_TASK INSTRUCTIONS_
Write out the data word for word, taking care that no picture is carried over.

_DATASET SECTION_
+ + + + +

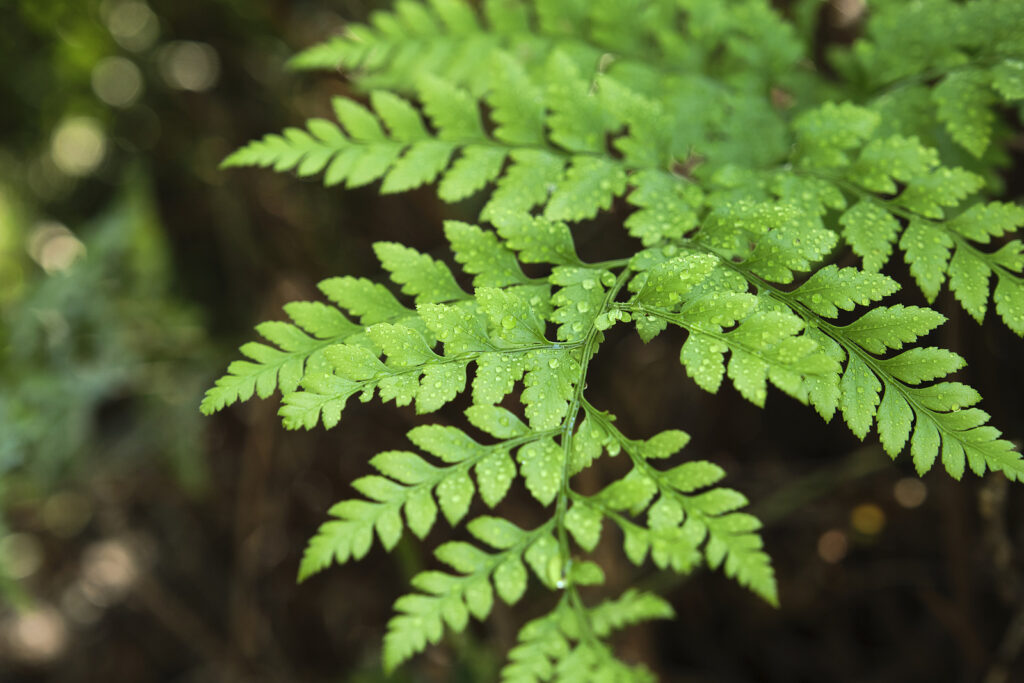 Leather fern, Rumohra adiantiformis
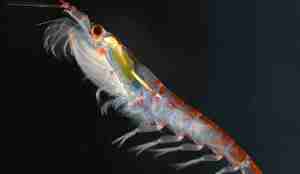 Krill antarktisk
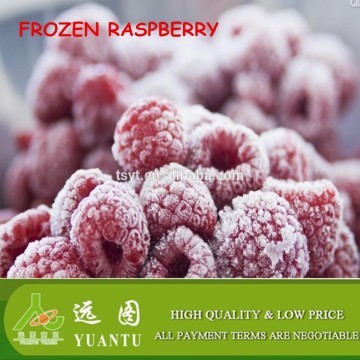 buyer request for frozen raspberry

+ + + + +

_ANSWER SECTION_
 Leather fern, Rumohra adiantiformis
 Krill antarktisk
 buyer request for frozen raspberry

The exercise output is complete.